Which lines below contain the word "Foto"? Copy each one.

*** Opening of Records to process ***

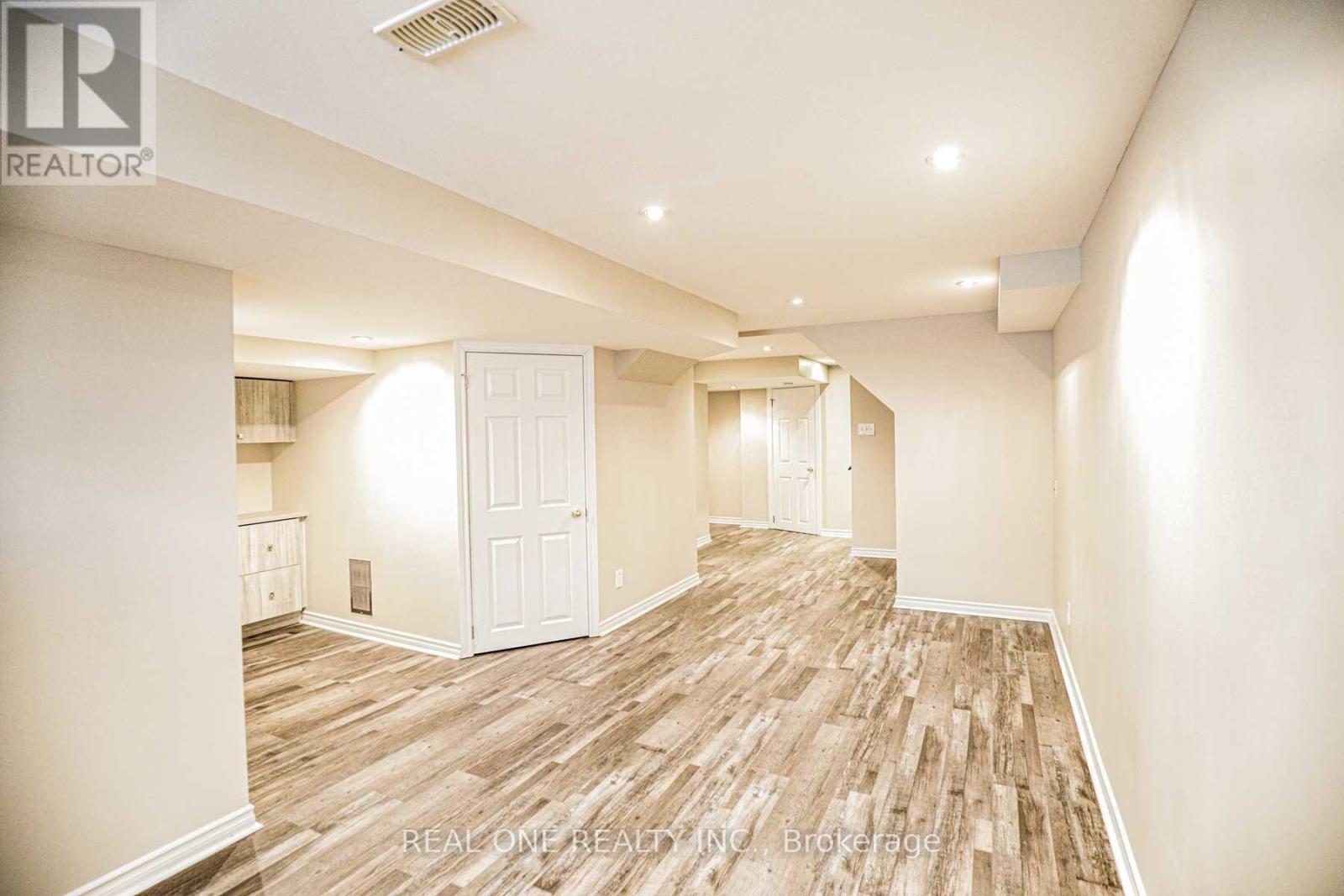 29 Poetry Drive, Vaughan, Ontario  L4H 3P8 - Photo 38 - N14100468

*** Close of Records to process ***
*** Opening of Records to process ***

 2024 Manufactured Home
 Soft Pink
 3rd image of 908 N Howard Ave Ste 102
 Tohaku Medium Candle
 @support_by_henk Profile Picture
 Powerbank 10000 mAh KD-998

*** Close of Records to process ***
*** Opening of Records to process ***

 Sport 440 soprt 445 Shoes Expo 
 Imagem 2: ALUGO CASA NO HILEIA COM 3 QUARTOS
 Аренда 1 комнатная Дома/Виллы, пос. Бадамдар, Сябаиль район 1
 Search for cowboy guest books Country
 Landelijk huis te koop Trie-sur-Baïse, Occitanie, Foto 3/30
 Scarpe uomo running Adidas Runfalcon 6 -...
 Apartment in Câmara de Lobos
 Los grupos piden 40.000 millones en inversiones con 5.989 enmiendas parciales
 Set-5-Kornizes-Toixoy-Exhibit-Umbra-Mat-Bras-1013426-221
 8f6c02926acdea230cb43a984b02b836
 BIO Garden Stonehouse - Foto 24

*** Close of Records to process ***

Answer to this task:
 Landelijk huis te koop Trie-sur-Baïse, Occitanie, Foto 3/30
 BIO Garden Stonehouse - Foto 24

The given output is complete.